* [EXERCISE DIRECTIONS]: Return all entries word for word, but drop any images.

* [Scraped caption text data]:

--- START ---

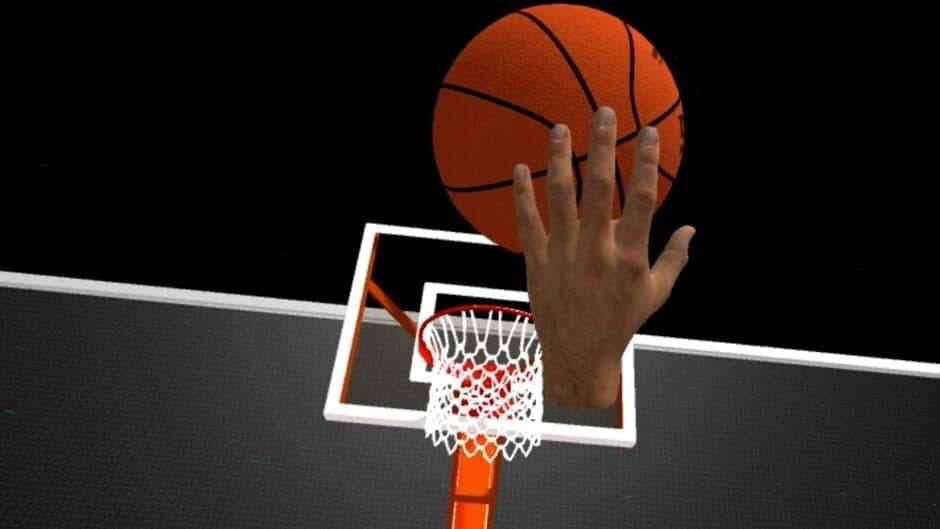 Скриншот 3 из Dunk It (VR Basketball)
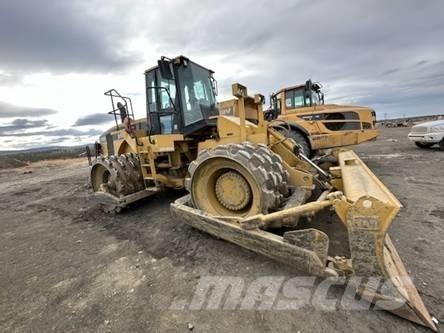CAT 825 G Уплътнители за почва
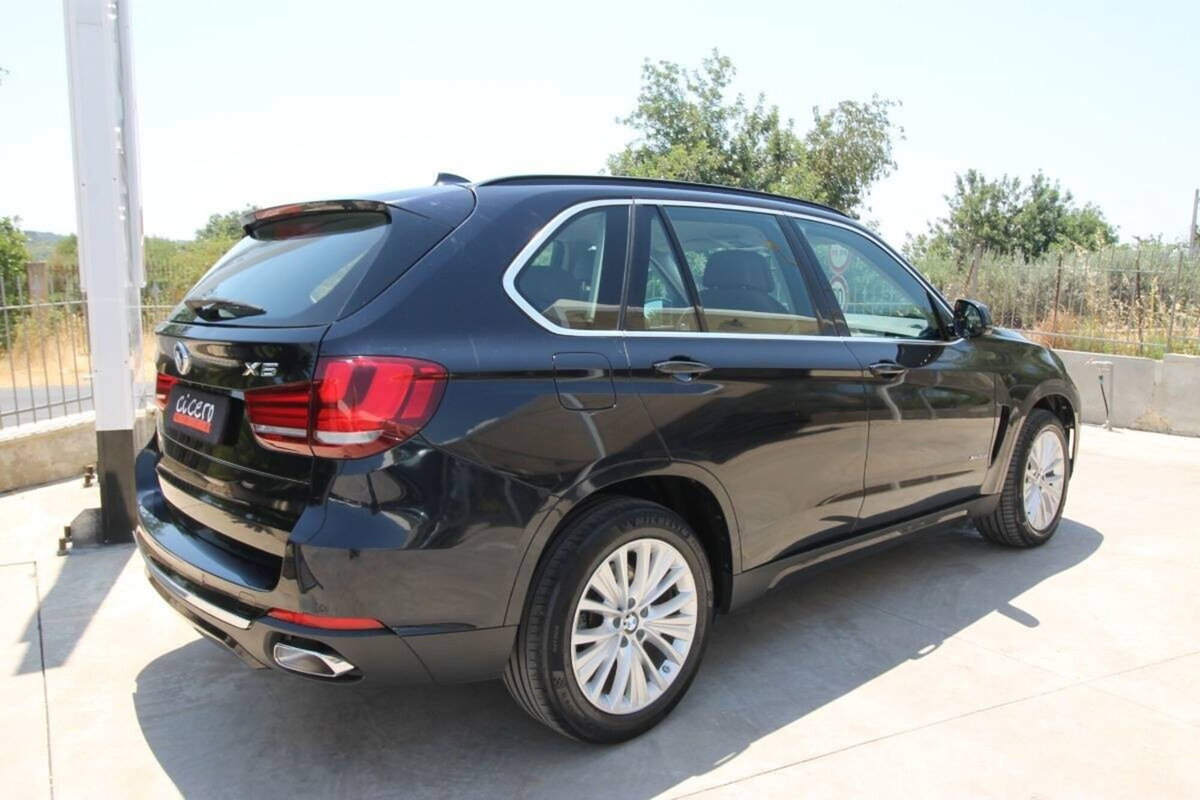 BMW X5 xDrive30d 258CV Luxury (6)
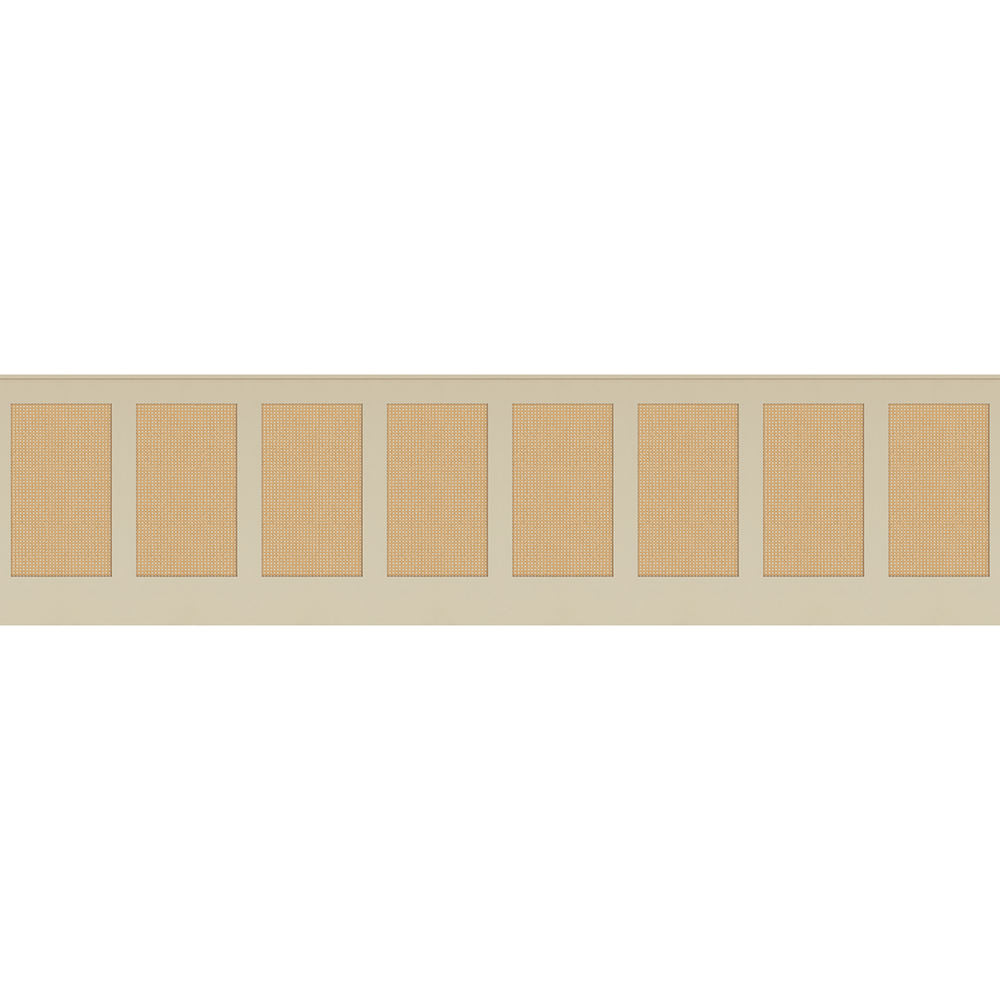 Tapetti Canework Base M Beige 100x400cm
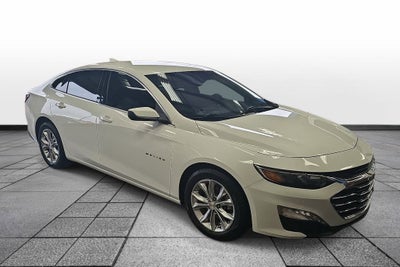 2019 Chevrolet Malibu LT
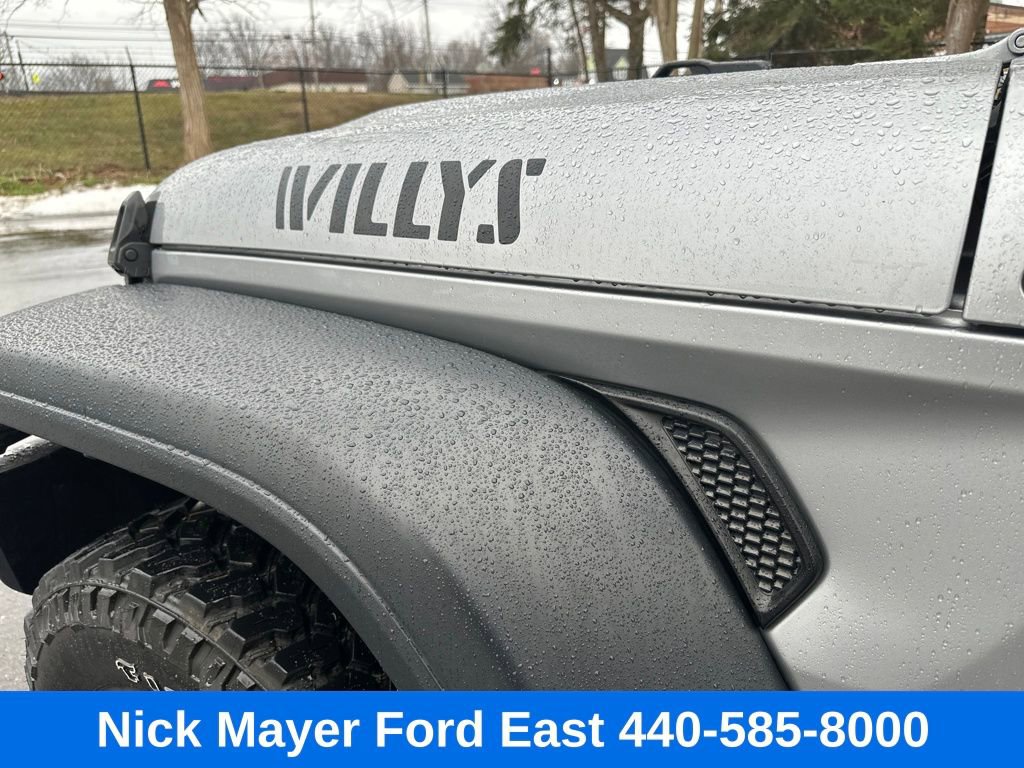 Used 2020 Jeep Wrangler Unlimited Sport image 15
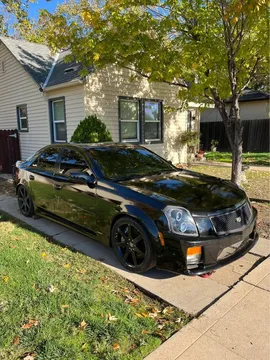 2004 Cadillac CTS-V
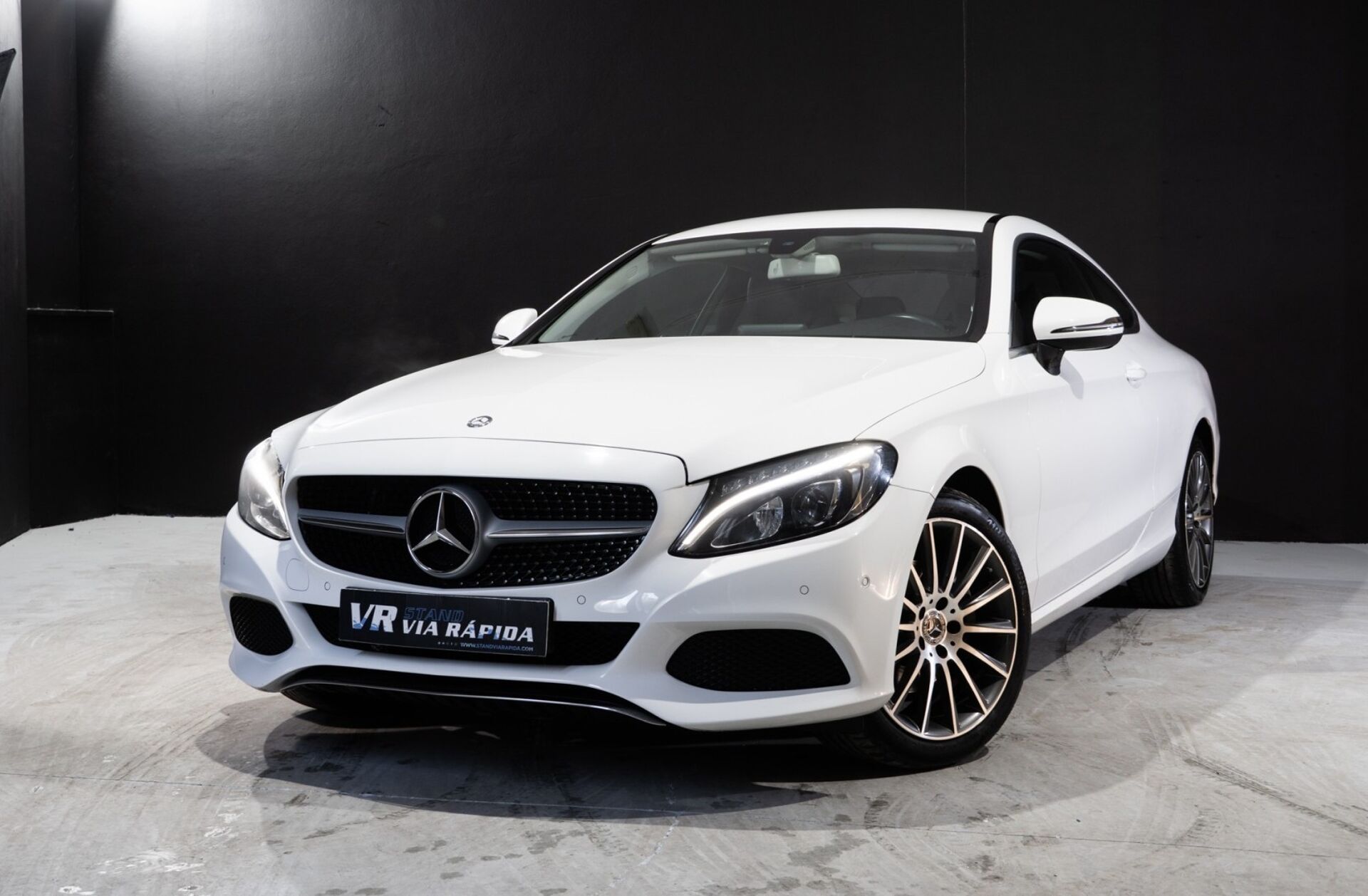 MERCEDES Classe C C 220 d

--- END ---

* [RESPONSE TO THIS TASK]:
 Скриншот 3 из Dunk It (VR Basketball)
CAT 825 G Уплътнители за почва
 BMW X5 xDrive30d 258CV Luxury (6)
 Tapetti Canework Base M Beige 100x400cm
 2019 Chevrolet Malibu LT
 Used 2020 Jeep Wrangler Unlimited Sport image 15
 2004 Cadillac CTS-V
 MERCEDES Classe C C 220 d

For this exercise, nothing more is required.